The contrast here follows. As God should not be forgotten in days of prosperity, so one should not suffer himself to be estranged from Him by days of adversity. 11 The school of Jahve, my son, despise thou not, Nor loathe thou His correction; 12 For Jahve correcteth him whom He loveth, And that as a father his son whom he lovethVid., the original passage Job 5:17. There is not for the Book of Job a more suitable motto than this tetrastich, which expresses its fundamental thought, that there is a being chastened and tried by suffering which has as its motive the love of God, and which does not exclude sonship.[1]

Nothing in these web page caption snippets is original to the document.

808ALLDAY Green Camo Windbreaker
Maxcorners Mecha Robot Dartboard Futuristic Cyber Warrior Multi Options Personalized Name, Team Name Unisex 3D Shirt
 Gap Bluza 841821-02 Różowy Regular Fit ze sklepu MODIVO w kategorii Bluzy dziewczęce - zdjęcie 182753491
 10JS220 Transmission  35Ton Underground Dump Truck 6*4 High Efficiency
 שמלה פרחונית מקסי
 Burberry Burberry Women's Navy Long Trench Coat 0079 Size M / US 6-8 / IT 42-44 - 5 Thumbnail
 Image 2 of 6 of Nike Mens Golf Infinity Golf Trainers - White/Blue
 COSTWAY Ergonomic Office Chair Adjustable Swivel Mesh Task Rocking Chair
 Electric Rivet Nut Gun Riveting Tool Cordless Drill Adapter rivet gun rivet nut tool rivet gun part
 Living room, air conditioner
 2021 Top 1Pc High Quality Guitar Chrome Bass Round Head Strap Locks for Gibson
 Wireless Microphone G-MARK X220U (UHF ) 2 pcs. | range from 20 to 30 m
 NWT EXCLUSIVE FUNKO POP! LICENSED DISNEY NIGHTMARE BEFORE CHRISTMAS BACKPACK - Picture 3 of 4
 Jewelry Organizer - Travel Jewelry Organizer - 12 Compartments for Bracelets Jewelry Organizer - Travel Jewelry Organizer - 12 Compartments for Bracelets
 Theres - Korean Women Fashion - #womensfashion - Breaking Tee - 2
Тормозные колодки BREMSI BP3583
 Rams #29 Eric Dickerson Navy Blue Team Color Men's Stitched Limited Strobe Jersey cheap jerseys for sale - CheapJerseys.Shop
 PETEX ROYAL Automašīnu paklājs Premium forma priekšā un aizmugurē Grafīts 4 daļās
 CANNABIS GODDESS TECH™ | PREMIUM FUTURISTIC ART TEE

One may say that Pro 3:11 expresses the problem of the Book of Job, and Pro 3:12 its solution. מוּסר, παιδεία, we have translated “school,” for יסּר, παιδεύειν, means in reality to take one into school. Ahndung [punishment] or Rüge [reproof] is the German word which most corresponds to the Hebr. תּוכחה or תּוכחת. קוּץ ב (whence here the prohibitive תּקץ with אל) means to experience loathing (disgust) at anything, or aversion (vexation) toward anything. The lxx (cited Heb 12:5.), μηδὲ ἐκλύου, nor be faint-hearted, which joins in to the general thought, that we should not be frightened away from God, or let ourselves be estranged from Him by the attitude of anger in which He appears in His determination to inflict suffering. In 12a the accentuation leaves it undefined whether יהוה as subject belongs to the relative or to the principal clause; the traditional succession of accents, certified also by Ben Bileam, is כי את אשׁר יאהב יהוה, for this passage belongs to the few in which more than three servants (viz., Mahpach, Mercha, and three Munachs) go before the Athnach.[2]
The further peculiarity is here to be observed, that את,

  1. Here Procop. rightly distinguishes between παιδεία and τιμωρία.
  2. Vid., Torath Emeth, p. 19; Accentuationssystem, vi. §6; the differences between Ben-Asher and Ben-Naphtali in the Appendixes to Biblia Rabbinica; Dachselt's Biblia Accentuata, and Pinner's Prospectus, p. 91 (Odessa, 1845).